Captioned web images

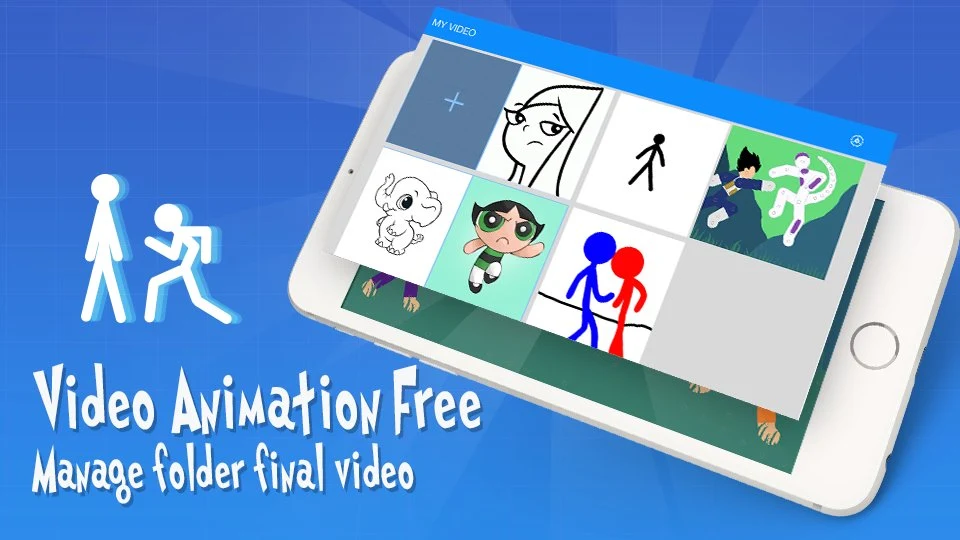 3D Animation Maker screenshot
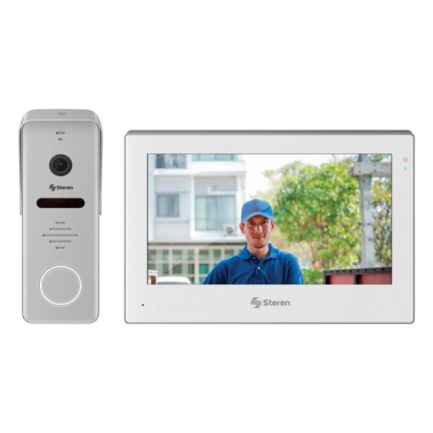 Video Timbre Steren WIFI con Pantalla Touch A C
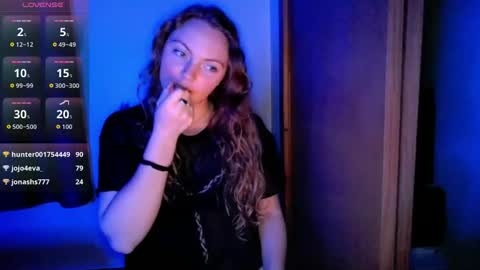 Miss Freya online show from 21, 3, 2026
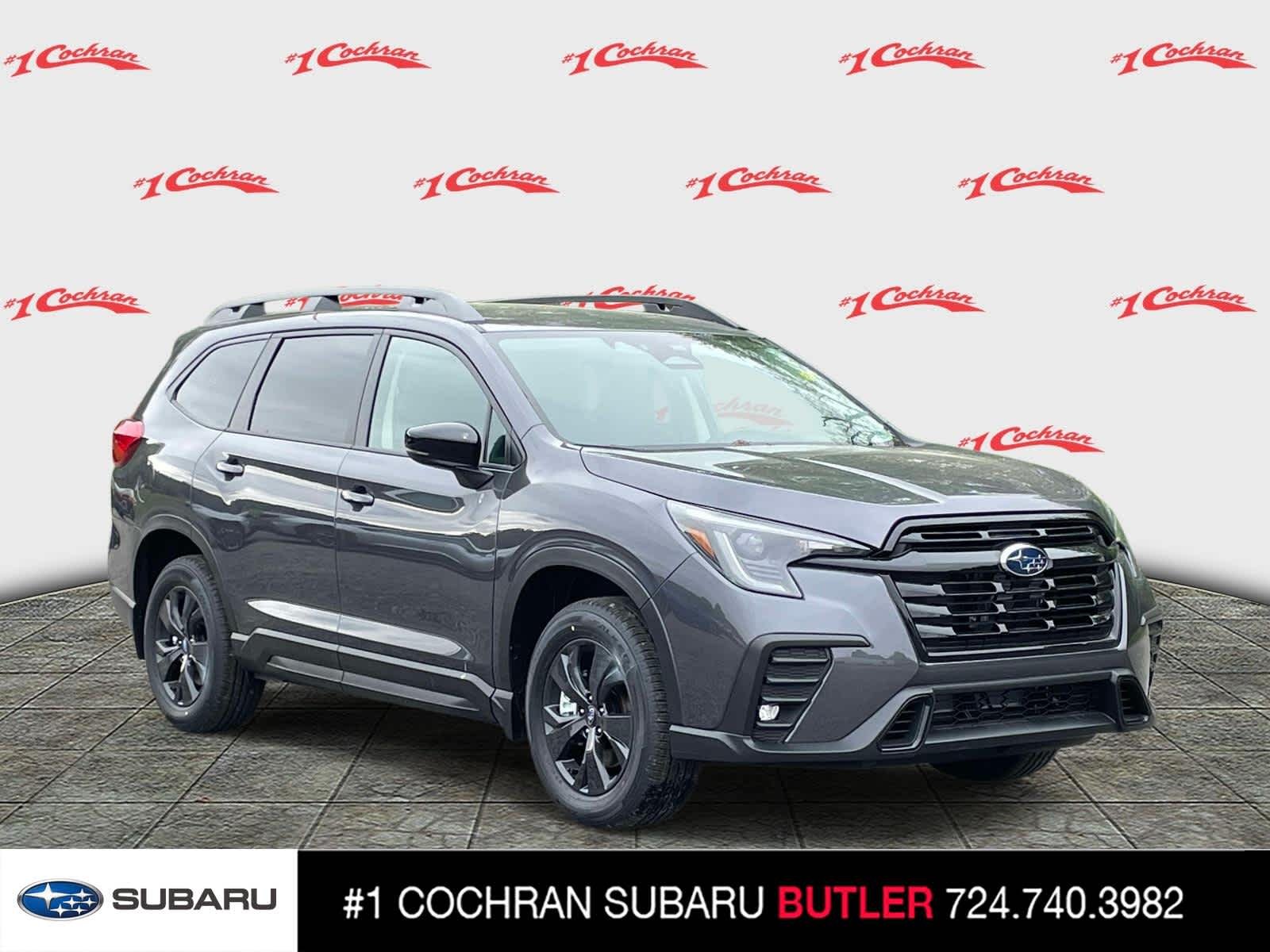 2026 Subaru Ascent Premium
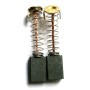 BRUSHES FOR POWER TOOLS PIECES 2 MM. 15 X 10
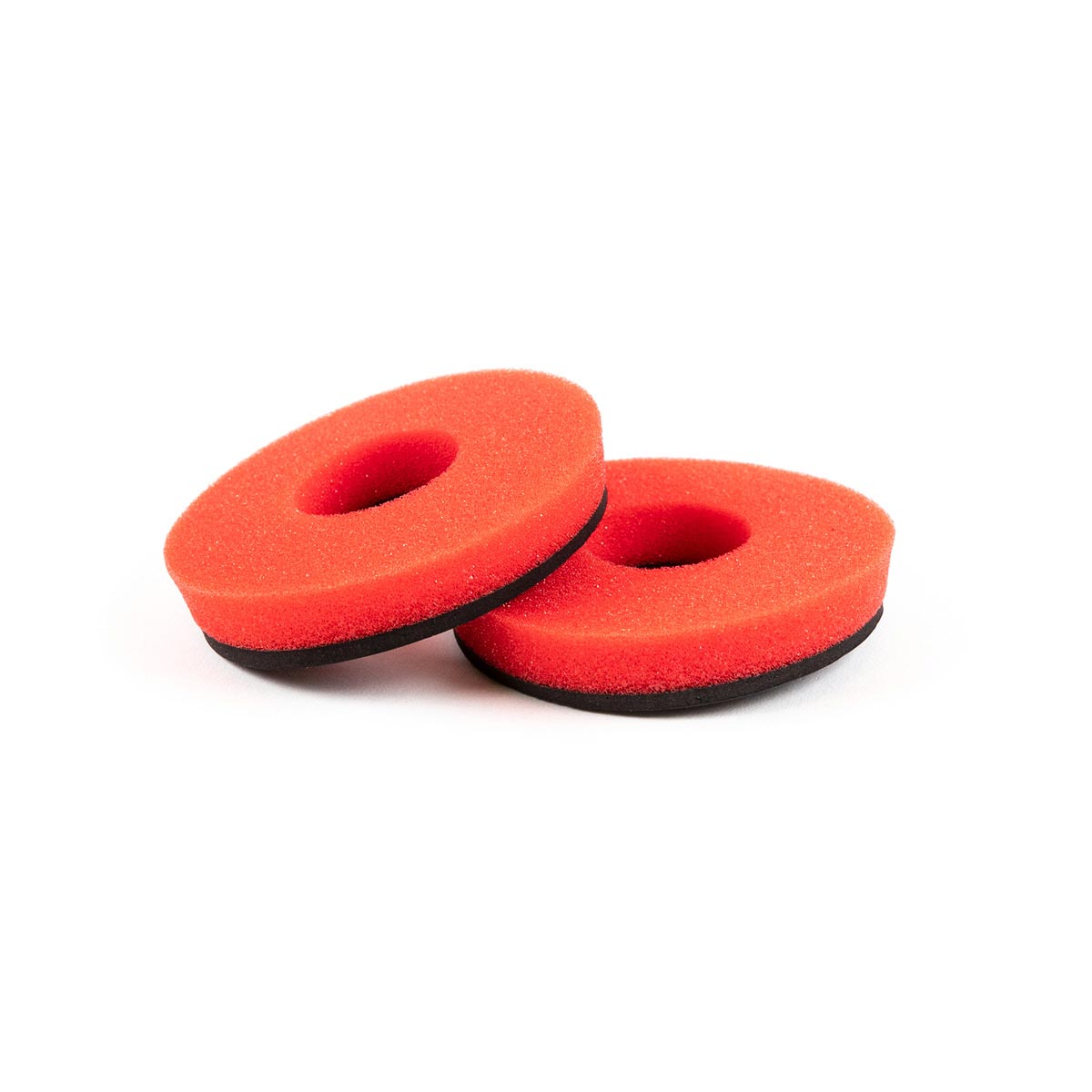 Griff-Donut Set - rot/schwarz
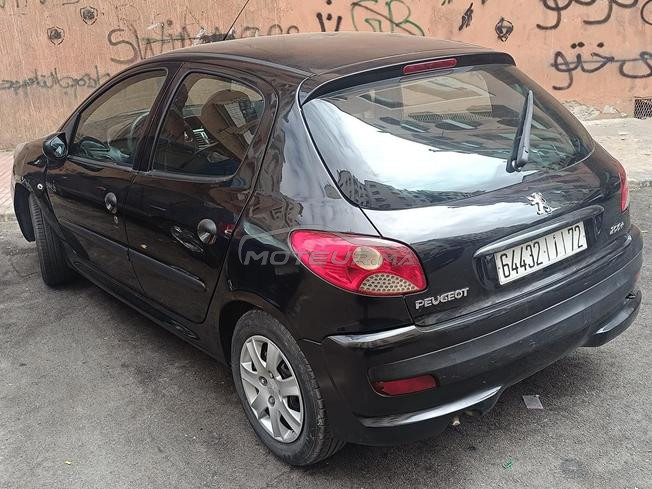 Peugeot 206 plus 2012 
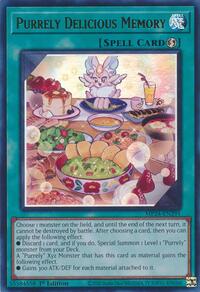 Purrely Delicious Memory #MP24-EN291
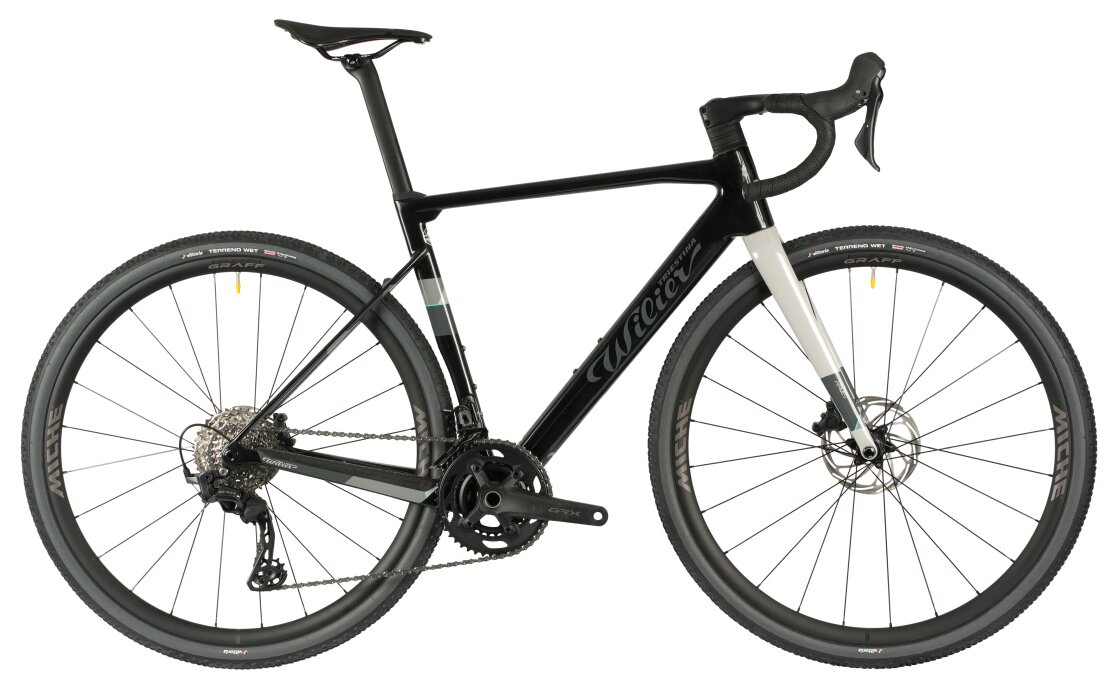 Wilier Rave SL - GRX 2x12 - Graff - 28 Zoll - Diamant - 2026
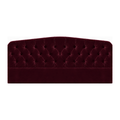 Darling Headboard Ruby Red 210 cm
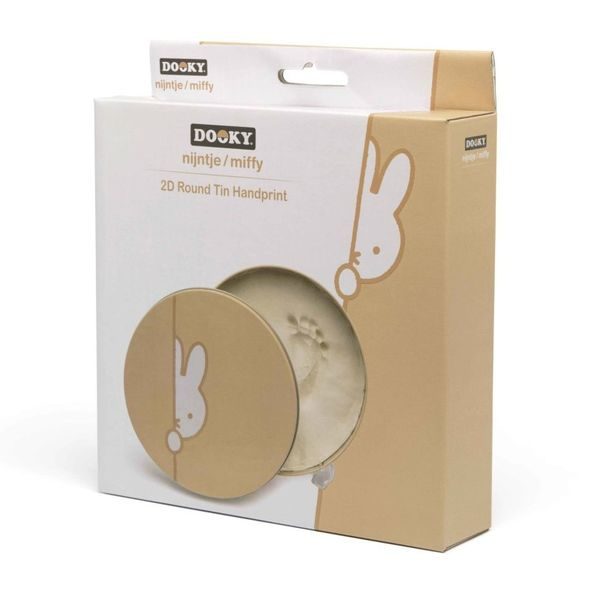 DOOKY 2D ROUND MIFFY - OTISKY A ALBA - PRO MAMINKY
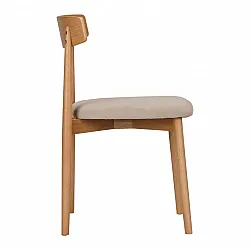 Cadeira - Ystad (carvalho) - 2 peças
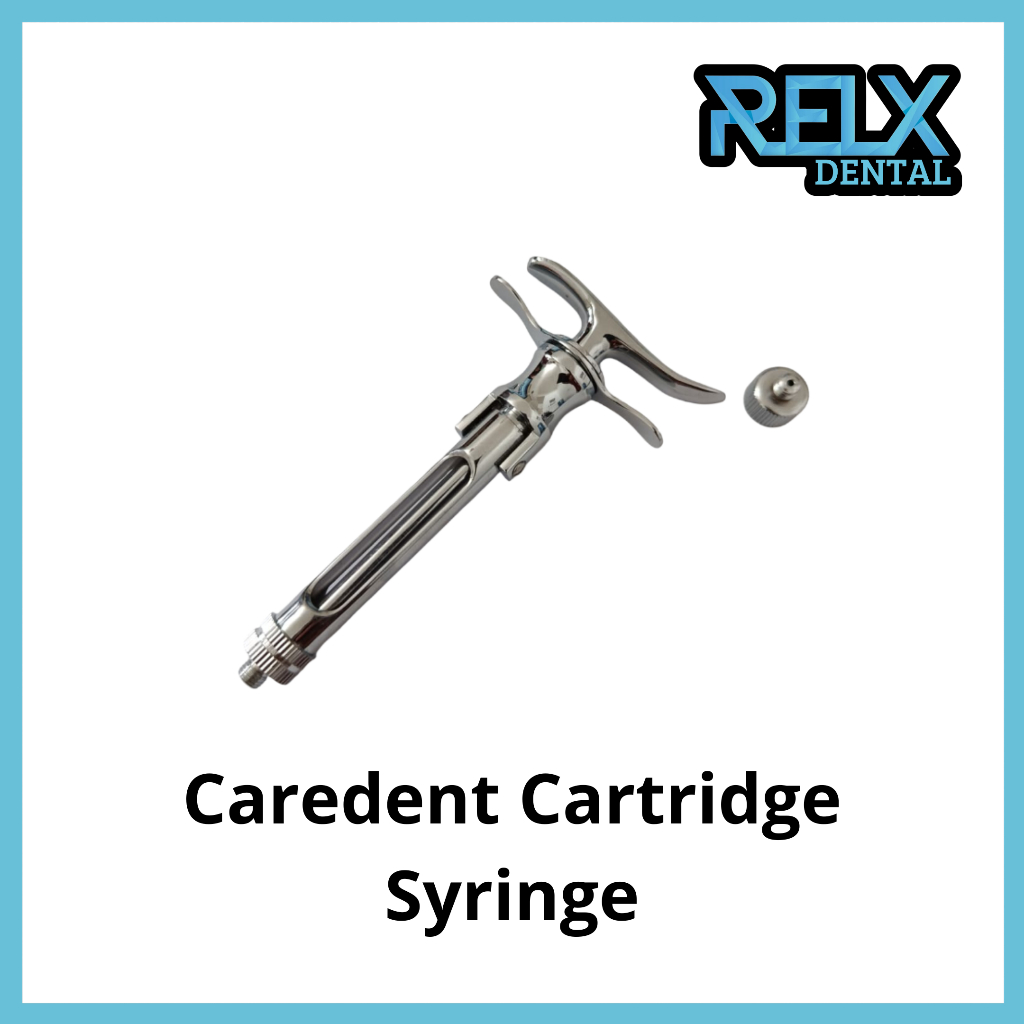 RELX Caredent Cartridge Syringe High Quality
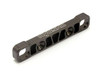 Kyosho IF610 Rear Lower Suspension Holder (R/Gunmetal/MP10)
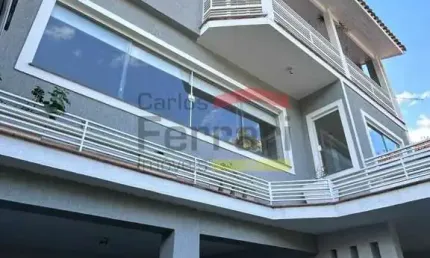 Casa em condomínio fechado à venda na Rua José dos Santos Castro, 220, Vila Irmãos Arnoni, São Paulo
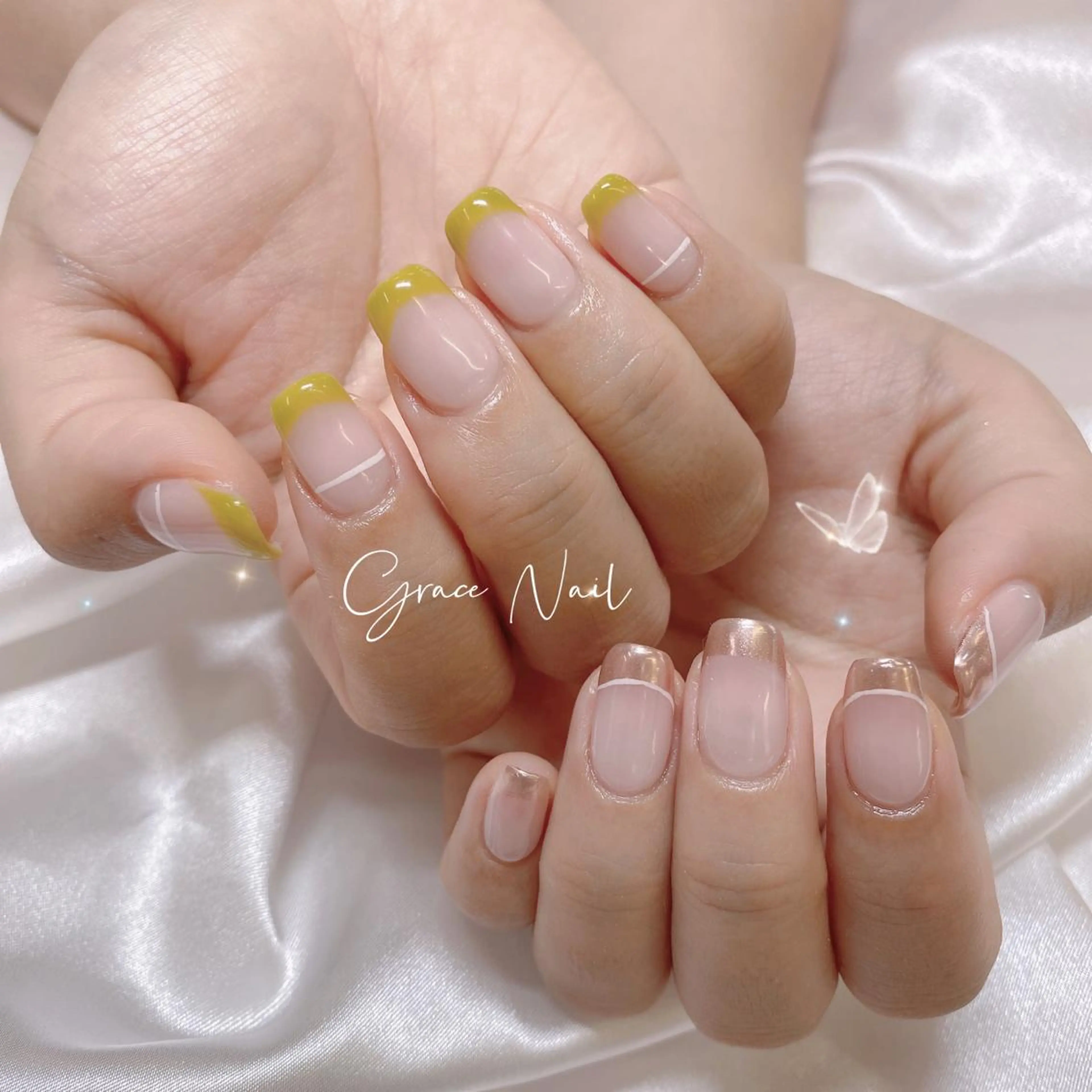 ネイル ☆*｡Grace Nail｡*☆のネイルデザイン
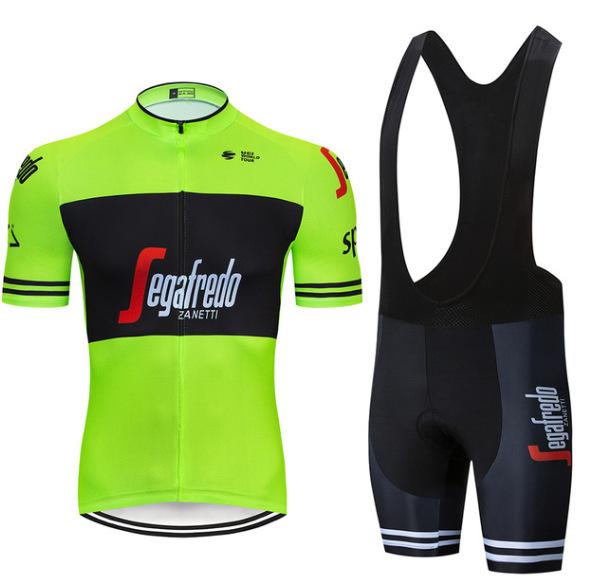 2026 Summer Breathable Cycling Suit Short Sleeve Suit Outdoor Sports Equipment Overalls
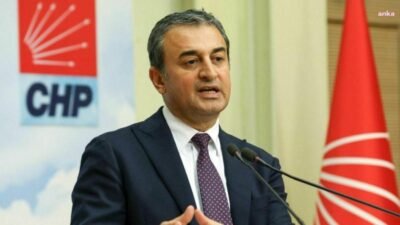 CHP Genel Başkan Yardımcısı Burhanettin Bulut, Gazeteci Alican Uludağ'ın sosyal medya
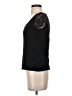 Cache Black Short Sleeve Top Size S - photo 5
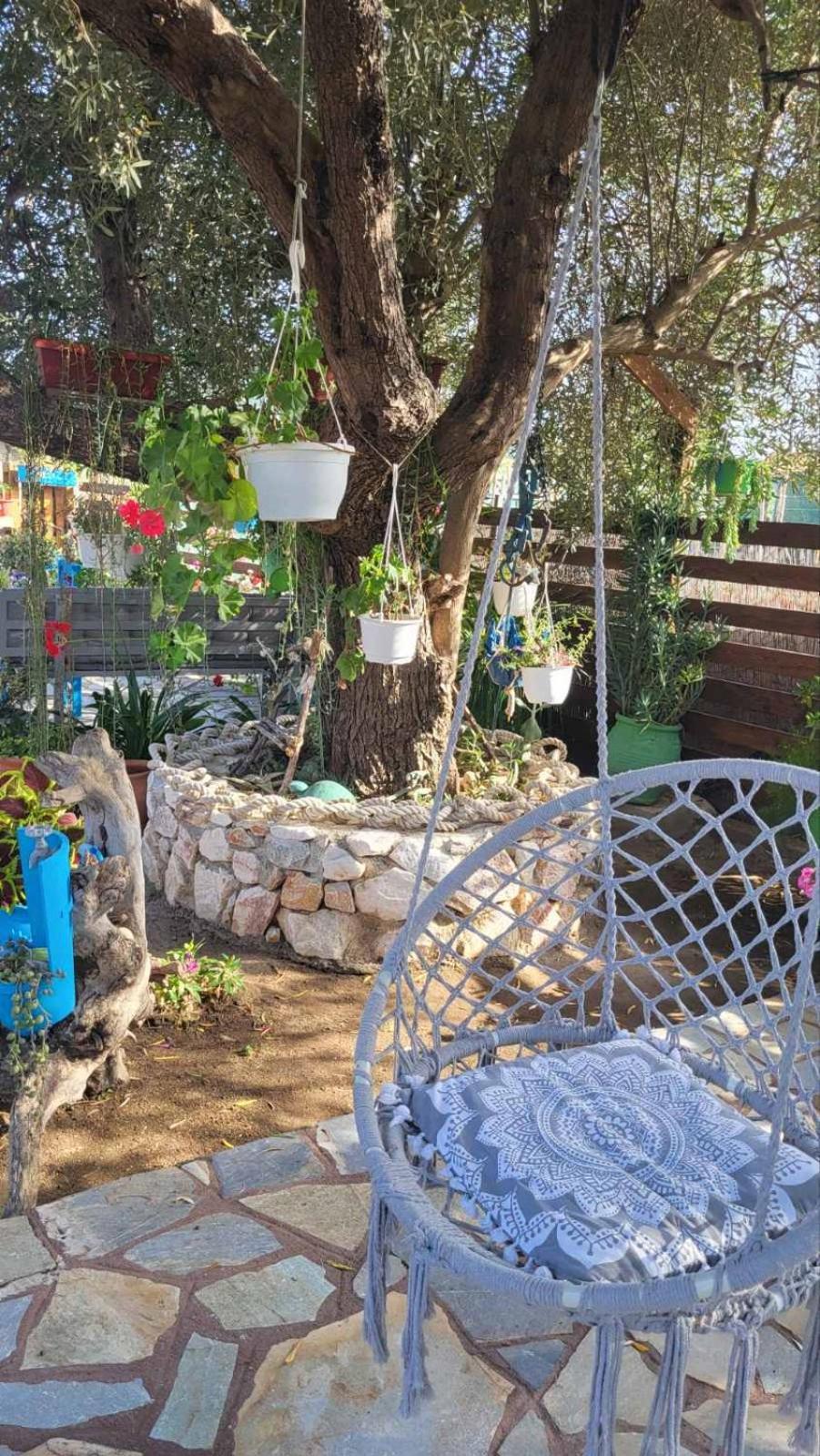 Ferienwohnung Housebutterfly Toroni Exterior foto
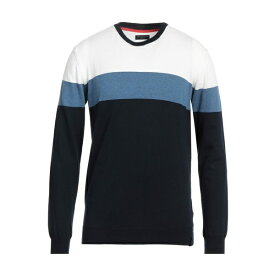 【送料無料】 ノースセール メンズ ニット&セーター アウター Sweaters Midnight blue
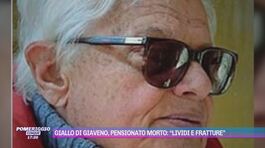 Giallo di Giaveno, pensionato morto: "Lividi e fratture" thumbnail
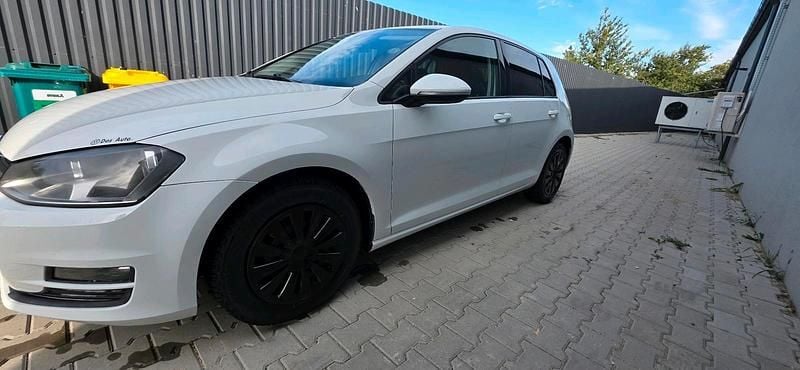 Schwarz Gebraucht 2016 VW Golf Coupé | 8.500 € (Superpreis) - Bild 1/4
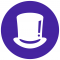 Tophatter logo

Task item => Please print all the data above word for word. Pictures should not appear in the copy.

Answer for the task =>
 3D Animation Maker screenshot
 Video Timbre Steren WIFI con Pantalla Touch A C
 Miss Freya online show from 21, 3, 2026
 2026 Subaru Ascent Premium
 BRUSHES FOR POWER TOOLS PIECES 2 MM. 15 X 10
 Griff-Donut Set - rot/schwarz
 Peugeot 206 plus 2012 
 Purrely Delicious Memory #MP24-EN291
 Wilier Rave SL - GRX 2x12 - Graff - 28 Zoll - Diamant - 2026
 Darling Headboard Ruby Red 210 cm
 DOOKY 2D ROUND MIFFY - OTISKY A ALBA - PRO MAMINKY
 Cadeira - Ystad (carvalho) - 2 peças
 RELX Caredent Cartridge Syringe High Quality
 Kyosho IF610 Rear Lower Suspension Holder (R/Gunmetal/MP10)
 Casa em condomínio fechado à venda na Rua José dos Santos Castro, 220, Vila Irmãos Arnoni, São Paulo
 ネイル ☆*｡Grace Nail｡*☆のネイルデザイン
 2026 Summer Breathable Cycling Suit Short Sleeve Suit Outdoor Sports Equipment Overalls
 CHP Genel Başkan Yardımcısı Burhanettin Bulut, Gazeteci Alican Uludağ'ın sosyal medya
 Cache Black Short Sleeve Top Size S - photo 5
 Ferienwohnung Housebutterfly Toroni Exterior foto
 【送料無料】 ノースセール メンズ ニット&セーター アウター Sweaters Midnight blue
 Giallo di Giaveno, pensionato morto: "Lividi e fratture" thumbnail
 Schwarz Gebraucht 2016 VW Golf Coupé | 8.500 € (Superpreis) - Bild 1/4
 Tophatter logo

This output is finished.